** Task prompt **
Reproduce, exactly and in full, the lines from the one with "Calvin Klein Women's" through the one with "J. McLaughlin Womens" in the data below; drop pictures.

** Data for analysis **

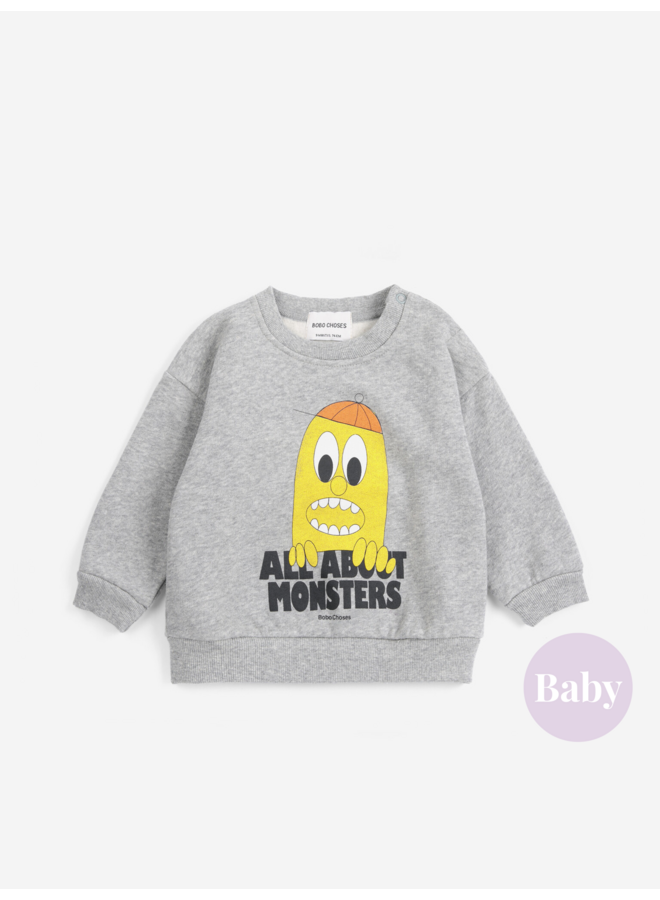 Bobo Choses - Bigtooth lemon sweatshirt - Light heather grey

* * *

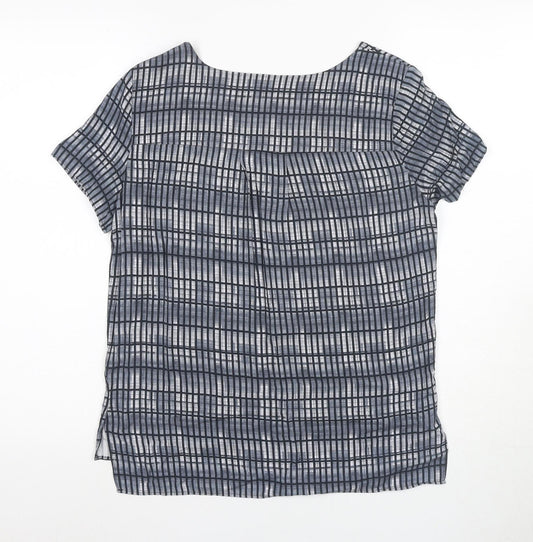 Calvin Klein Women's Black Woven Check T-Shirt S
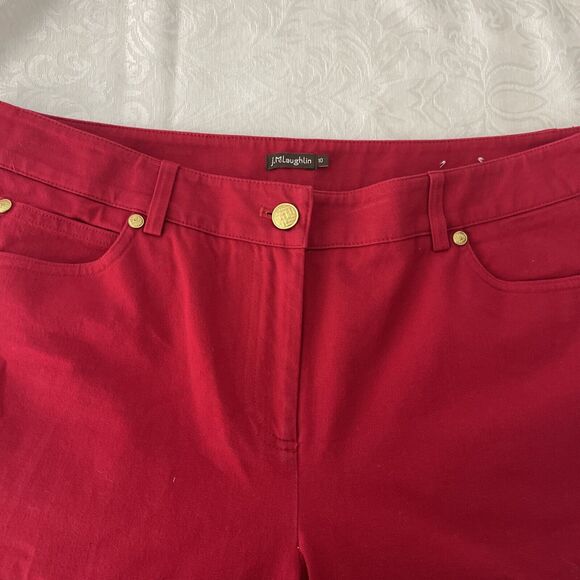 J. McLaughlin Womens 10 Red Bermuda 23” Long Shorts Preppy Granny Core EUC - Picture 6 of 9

** Written answer **
 Calvin Klein Women's Black Woven Check T-Shirt S
 J. McLaughlin Womens 10 Red Bermuda 23” Long Shorts Preppy Granny Core EUC - Picture 6 of 9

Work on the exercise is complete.